Con lui, ci sono molti uomini disperati, incapaci di
ricostruirsi il futuro. Il responsabile del patronato porge una banconota ad uno
di loro che gli risponde di non desiderare la carità ma un lavoro. Questo stesso
uomo va in cerca di aiuto dal cappellano che prova a sentire una ditta, uno
stabilimento, un benefattore, tutti rispondono: "Ci sono tanti capi famiglia in
attesa". Demoralizzato, ritorna dal direttore del carcere: gli aveva assicurato
che ci sono tante provvidenze e che qualcosa di buono, pure per lui, sarebbe
saltato fuori. Lui stesso riprova, ma niente da fare. Gli raccomanda la calma e
gli da qualche suggerimento.
"Povero detenuto", commenta don Girelli, "che fare? A casa
sua non ci pensa di andare perché sarebbero nuove umiliazioni, nel paese si
vergognano di lui, le istituzioni come possono intervenire con delle provvidenze
che possono impedire l’abbandono di chi, ricevuta la libertà, si trova di fronte
a questa alternativa: o trovo un asilo caldo di affetto oppure dovrò ritornare
in carcere".
Al giudiziario di Vicenza, scrive don Girelli, in occasione di una amnistia metà
dei detenuti è ritornata alla libertà ma alla sera del primo giorno sei su
un’ottantina erano di nuovo in carcere. "È una vecchia esperienza", ammonisce,
"che vorrei fosse tenuta in considerazione dai detenuti amnistiati perché non si
illudano e dai non amnistiati perché non si avviliscano".

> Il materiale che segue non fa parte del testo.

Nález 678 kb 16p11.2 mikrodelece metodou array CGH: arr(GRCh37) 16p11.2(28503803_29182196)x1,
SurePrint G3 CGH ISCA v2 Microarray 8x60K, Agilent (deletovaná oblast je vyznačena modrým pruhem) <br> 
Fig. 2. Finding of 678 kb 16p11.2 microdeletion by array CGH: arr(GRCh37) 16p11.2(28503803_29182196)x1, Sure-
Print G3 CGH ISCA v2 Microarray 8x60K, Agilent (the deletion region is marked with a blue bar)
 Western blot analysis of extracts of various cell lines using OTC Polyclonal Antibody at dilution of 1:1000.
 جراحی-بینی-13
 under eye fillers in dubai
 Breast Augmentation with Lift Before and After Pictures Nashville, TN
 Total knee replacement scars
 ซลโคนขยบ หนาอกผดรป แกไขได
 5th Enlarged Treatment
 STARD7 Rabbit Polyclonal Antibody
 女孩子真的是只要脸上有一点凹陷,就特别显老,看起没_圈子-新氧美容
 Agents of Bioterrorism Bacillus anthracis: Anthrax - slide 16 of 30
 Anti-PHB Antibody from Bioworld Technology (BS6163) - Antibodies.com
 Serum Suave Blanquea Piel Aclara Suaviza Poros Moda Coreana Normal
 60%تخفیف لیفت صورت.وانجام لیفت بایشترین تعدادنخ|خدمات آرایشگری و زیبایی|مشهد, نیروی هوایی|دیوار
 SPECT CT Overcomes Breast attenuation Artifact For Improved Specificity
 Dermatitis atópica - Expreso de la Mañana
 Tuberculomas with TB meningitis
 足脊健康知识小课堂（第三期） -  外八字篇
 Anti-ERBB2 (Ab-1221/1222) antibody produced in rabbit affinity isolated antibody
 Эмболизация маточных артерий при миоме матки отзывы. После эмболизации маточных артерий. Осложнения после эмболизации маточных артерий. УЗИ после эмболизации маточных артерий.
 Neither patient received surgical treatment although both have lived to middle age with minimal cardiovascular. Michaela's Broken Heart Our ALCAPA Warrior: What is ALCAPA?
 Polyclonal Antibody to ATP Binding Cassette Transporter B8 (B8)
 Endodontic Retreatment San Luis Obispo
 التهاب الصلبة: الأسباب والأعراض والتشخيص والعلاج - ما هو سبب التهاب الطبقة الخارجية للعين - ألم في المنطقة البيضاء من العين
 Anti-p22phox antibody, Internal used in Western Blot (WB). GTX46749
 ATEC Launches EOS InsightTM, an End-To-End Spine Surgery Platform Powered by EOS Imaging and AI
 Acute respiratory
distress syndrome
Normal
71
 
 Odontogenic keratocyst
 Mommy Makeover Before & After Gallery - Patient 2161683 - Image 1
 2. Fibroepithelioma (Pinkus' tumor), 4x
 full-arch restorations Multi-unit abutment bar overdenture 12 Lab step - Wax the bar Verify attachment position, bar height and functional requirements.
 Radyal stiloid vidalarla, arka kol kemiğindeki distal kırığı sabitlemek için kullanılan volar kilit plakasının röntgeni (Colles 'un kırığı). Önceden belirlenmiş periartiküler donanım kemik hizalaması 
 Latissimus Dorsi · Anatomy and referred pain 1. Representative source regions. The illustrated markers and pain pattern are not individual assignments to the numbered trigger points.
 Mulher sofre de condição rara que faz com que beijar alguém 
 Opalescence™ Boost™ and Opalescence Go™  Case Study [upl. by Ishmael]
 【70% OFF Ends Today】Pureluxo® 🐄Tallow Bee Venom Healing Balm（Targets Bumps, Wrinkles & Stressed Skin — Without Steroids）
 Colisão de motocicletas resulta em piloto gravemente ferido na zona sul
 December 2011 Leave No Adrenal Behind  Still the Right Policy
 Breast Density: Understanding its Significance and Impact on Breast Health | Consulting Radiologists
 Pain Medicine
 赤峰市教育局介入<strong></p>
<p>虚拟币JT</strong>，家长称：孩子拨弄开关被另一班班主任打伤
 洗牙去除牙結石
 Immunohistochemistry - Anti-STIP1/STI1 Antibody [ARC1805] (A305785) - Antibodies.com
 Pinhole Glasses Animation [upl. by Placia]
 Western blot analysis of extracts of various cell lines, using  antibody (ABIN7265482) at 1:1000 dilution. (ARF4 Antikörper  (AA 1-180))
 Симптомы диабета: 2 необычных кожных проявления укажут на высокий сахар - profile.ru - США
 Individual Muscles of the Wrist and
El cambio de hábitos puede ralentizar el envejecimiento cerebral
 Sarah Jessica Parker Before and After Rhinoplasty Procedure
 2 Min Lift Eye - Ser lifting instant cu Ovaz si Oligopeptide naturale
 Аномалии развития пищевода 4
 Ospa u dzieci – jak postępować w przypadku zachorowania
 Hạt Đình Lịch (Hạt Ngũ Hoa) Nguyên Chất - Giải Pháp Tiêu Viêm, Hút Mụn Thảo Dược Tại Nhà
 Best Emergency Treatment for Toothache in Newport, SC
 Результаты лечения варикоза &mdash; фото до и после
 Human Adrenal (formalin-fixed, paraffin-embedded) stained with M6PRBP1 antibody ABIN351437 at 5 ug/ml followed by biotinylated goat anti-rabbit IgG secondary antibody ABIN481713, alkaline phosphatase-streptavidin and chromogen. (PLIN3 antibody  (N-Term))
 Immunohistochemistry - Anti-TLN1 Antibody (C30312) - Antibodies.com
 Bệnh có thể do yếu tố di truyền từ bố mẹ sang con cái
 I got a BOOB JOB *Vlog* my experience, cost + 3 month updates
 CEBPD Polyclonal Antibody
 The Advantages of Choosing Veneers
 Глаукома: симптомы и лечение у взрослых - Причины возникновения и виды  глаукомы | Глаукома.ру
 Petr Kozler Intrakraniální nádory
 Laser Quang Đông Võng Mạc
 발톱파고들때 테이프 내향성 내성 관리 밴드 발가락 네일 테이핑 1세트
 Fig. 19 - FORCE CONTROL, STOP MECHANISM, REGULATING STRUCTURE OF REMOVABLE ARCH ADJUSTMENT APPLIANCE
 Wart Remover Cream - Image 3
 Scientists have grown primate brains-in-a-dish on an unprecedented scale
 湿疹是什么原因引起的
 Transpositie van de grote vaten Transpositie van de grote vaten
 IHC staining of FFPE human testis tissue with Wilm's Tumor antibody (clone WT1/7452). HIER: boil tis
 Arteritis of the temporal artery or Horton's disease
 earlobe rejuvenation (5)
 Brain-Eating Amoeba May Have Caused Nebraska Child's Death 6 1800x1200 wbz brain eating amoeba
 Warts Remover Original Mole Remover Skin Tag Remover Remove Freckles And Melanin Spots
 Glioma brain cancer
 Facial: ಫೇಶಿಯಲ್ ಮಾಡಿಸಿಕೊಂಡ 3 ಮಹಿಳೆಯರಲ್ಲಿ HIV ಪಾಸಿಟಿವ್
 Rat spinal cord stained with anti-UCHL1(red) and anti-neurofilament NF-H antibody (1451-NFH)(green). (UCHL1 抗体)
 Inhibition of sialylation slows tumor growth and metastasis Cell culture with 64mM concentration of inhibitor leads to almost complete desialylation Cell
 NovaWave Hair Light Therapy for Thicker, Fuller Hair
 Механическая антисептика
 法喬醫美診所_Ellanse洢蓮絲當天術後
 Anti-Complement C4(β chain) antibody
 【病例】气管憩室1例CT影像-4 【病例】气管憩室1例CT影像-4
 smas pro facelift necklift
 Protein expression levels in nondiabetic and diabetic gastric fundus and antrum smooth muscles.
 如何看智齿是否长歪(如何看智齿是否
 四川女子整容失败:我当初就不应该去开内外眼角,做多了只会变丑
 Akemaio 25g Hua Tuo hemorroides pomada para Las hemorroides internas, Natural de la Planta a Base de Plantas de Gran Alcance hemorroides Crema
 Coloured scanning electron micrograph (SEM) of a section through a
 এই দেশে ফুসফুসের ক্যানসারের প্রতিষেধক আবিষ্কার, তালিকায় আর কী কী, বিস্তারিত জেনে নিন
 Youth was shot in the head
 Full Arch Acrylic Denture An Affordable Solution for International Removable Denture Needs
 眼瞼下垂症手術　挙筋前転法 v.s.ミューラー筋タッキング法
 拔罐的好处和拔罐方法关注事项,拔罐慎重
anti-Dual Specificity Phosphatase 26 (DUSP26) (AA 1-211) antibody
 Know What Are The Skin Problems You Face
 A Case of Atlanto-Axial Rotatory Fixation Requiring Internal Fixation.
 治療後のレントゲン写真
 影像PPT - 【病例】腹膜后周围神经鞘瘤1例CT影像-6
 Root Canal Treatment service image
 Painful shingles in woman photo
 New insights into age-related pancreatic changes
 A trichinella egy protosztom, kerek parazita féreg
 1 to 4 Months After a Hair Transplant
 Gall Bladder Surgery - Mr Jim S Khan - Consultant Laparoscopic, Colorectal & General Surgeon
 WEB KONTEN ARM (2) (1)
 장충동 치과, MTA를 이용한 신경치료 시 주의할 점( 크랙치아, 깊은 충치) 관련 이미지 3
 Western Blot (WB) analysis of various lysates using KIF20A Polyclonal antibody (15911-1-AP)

Don Girelli, chiamato anche "l’apostolo delle carceri", ha fondato a Ronco la
casa che ospita decine di ex ergastolani. E questo problema si presenterà, forse
in misura più pressante, allorquando il parlamento decidesse di approvare la
legge sull’indultino. Don Girelli scriveva: "Si può prevedere che le loro
necessità saranno più numerose e urgenti".